My dad was a Forest Service ranger, part of the battle-hardened generation stepping back into real life from World War II. Rangers like him moved to tiny towns like Luna, N.M., and Custer, S.D., to work 24-hour days. Their wives were often their chief assistants and sometimes even served as firefighters.
The children of rangers were just like Army brats, though wherever we moved, we had the privilege of living in national forests. We knew the forests the way city kids know the city. We also knew everybody in the area. I remember how angry my dad got when my godfather, a rancher, sold several 400-year-old pines to a logger.
I also remember how mad my godfather got when my dad rounded up 20 of a neighbor's cows because they were trespassing on public land. He charged the owner $5 per head to get them back.
And I was there the night some cowboys showed up late, carrying a rope with a noose on the end after a grazing dispute. My dad met them at the door with an M1 .30 caliber carbine with a 30-round clip. Some 30 years later, those same cowboys asked him to write the official Forest Service history of their little valley.
A lot has changed during my time with the agency. Half of the rangers are now women. Rangers get paid for working 8 a.m. to 5 p.m., though they usually work longer hours, and their kids can no longer ride along. The secretary who used to come in on Friday afternoons to file a few reports has been replaced by a big staff with computers.
But we still argue about how to save wild places and how to manage the land for the benefit of the many.
Perhaps the single-most-profound change has been our realization that we are ultimately powerless to control the vast landscapes. The 1930s Dust Bowl helped sear that message into our memories. We've had to learn that forests are continually being reshaped by people, wildlife, fire and mountain pine beetles.

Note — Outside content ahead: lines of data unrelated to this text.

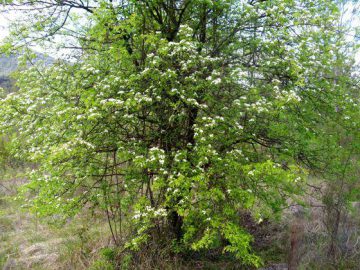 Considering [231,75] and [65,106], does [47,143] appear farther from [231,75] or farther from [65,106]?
[231,75]

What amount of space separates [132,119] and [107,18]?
1.74 meters

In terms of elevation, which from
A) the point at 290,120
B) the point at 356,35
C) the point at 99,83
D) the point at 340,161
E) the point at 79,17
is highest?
the point at 79,17

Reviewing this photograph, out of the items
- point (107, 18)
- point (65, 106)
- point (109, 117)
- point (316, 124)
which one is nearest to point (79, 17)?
point (107, 18)

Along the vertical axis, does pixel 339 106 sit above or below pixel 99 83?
below

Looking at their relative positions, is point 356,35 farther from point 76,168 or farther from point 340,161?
point 76,168

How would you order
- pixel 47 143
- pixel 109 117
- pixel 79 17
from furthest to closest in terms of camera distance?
pixel 79 17 < pixel 47 143 < pixel 109 117

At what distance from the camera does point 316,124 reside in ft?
20.3

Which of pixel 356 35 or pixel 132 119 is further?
pixel 356 35

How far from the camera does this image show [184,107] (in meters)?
5.45

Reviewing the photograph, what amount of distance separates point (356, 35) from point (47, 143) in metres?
5.98

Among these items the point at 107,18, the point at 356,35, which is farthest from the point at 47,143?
the point at 356,35

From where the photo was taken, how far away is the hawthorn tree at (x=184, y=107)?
16.1 feet

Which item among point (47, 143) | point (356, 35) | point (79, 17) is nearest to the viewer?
point (47, 143)

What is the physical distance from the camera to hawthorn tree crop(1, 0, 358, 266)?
16.1 ft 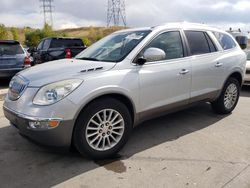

The forest I woke up to almost 60 years ago no longer exists. The Black Hills I visited 45 years ago are equally alien. Gone are most of the open pine forests. We cut them down because we needed them to build our homes or fight our wars or drive our industries. Now, dense, spindly forests cover the Black Hills and the area around Flagstaff, and these new forests are neither desirable nor sustainable.
The trouble with human beings is that we live such short lives. Some trees in the Black Hills are more than 700 years old—about 35 human generations. They were already 200 years old when Columbus showed up. As the centuries passed, these trees experienced constant change, including cycles of wildfire and bark beetles, but they were not destroyed. The forests were resilient. But then, for 100 years, none of the great country my dad and I rode through was allowed to burn—until after 2000, when the Rodeo-Chediski and Los Alamos fires raged, and then the more-recent Wallow and Las Conchas fires. A million acres of ponderosa pine forest burned.
I recall the phrases rolling from the mouths of public-information officers, talking every decade about "the biggest ... the worst ... the most devastating fires." We say it about the bark beetles, and we say it about the large fires. Yet none of this is new ... and the Earth abides.
The day we decided that landscapes were suitable for one particular purpose, and that we could force them to remain unchanged, was the day we lost sight of our littleness in the scheme of things.
What's next for the Forest Service is hard to tell, though what's next for those of us living in the Black Hills of South Dakota and Wyoming is more certain: It's fire and bugs.
My dad died before the Blue River country on the Arizona-New Mexico border burned last summer. I will always treasure the memories of that grand old time we had back in the days when the forest ranger was usually the tallest guy in the room—just like the big old trees around him.